- Gold hits three-week highs near $3,375 early Monday, then retreats.
- The US Dollar wobbles as President Trump widens trade war ahead of Tuesday’s US inflation data.
- Gold price tested 23.6% Fibo level at $3,377, having regained all major daily averages amid bullish RSI.
Gold price has come under renewed selling pressure as buyers fail to sustain at higher levels early Monday. Traders gear up for an action-packed week amid looming trade war risks.
Gold price pulls back before the next leg north
Heightened tensions that US President Donald Trump’s latest tariff threats could widen a trade war globally pushed Gold price to the highest level in three weeks of $3,374 in the opening hours of Monday’s trading.
Asian traders hit their desks and reacted negatively to the weekend’s news of Trump threatening to impose a 30% tariff on imports from the European Union (EU) and Mexico, starting on August, having sent tariff letters to about 20 other countries last week.
The initial rush to safety propped up Gold price but sellers quickly jumped in after markets breathed a sigh of relief, digesting late Sunday’s comments from European Commission President Ursula von der Leyen.
von der Leyen noted that the EU will extend its suspension of trade countermeasures against new US tariffs until August 1, as it continues its efforts to resolve the trade dispute with the US through dialogue.
Signs of no imminent retaliation from the EU helped the US Dollar (USD) regain some lost ground, fuelling a pullback in Gold price even as US Treasury bond yields paused their recent uptrend.
All eyes turn to Tuesday’s US Consumer Price Index (CPI) data release, with investors looking to gauge the impact of Trump’s tariffs feeding through the prices.
US inflation data will help markets reprice expectations of the next US Federal Reserve interest rate cut, as calls for an extended pause through 2025 rise.

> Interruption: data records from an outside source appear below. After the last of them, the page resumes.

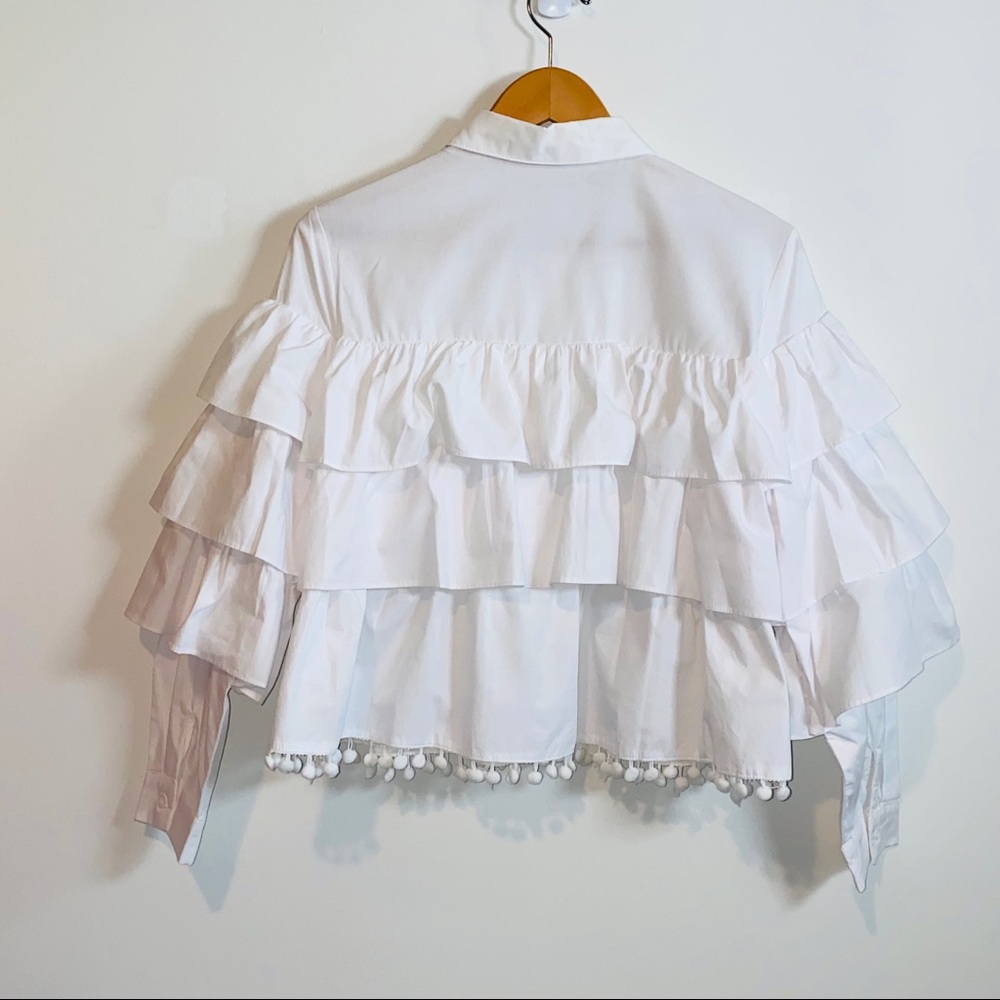 White Button Down Tiered Ruffle Collared Top By H… - image 8
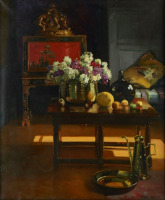Картины - Герберт Дэвис Рихтер. Интерьер комнаты с цветами, фруктами и серебряной посудой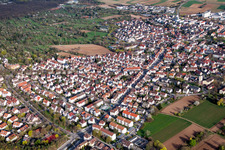 Luftbild von Ortsansicht der Straßen und Häuser der Wohngebiete in Stammheim in Stuttgart im Bundesland Baden-Württemberg, Deutschland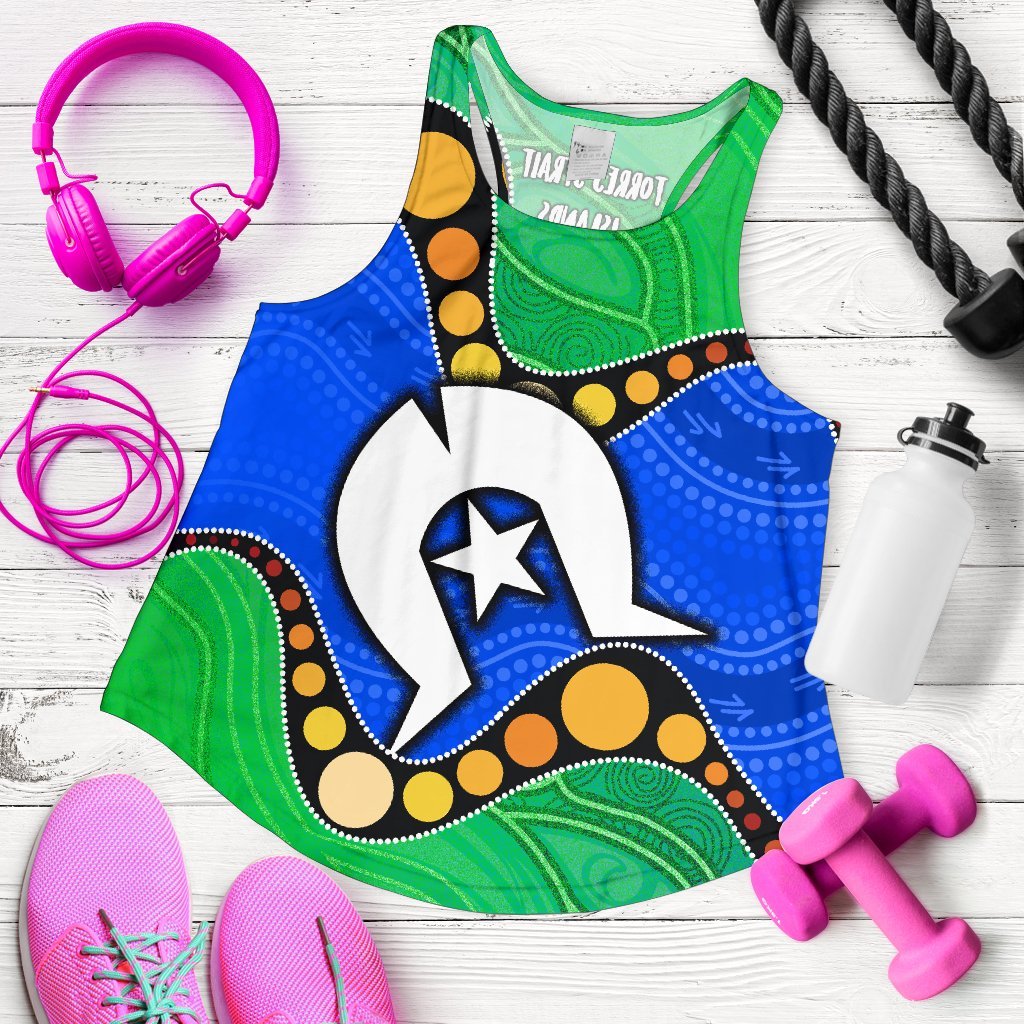 Torres Strait Islands Women's Racerback Tank -  Flag with Aboriginal Patterns - Vibe Hoodie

Markets are currently pricing in 50 basis points (bps) rate cuts this year, with a 60% chance that the Fed will reduce rates in September, according to the CME Group’s FedWatch Tool.
Ahead of the US inflation report, the Chinese second-quarter Gross Domestic Product (GDP) data will be released, which could have a significant market impact.
Also, in focus remains the US corporate earnings as a new season kicks in amid rife trade and geopolitical tensions.
US President Trump said on Sunday that he will send Patriot air defence missiles to Ukraine. He is due to make a “major statement” on Russia on Monday, per Reuters.
Gold price technical analysis: Daily chart
Gold price snapped a three-day recovery trend after facing rejection just shy of the 23.6% Fibonacci Retracement (Fibo) level of the April record rally at $3377 in early Asian trading this Monday.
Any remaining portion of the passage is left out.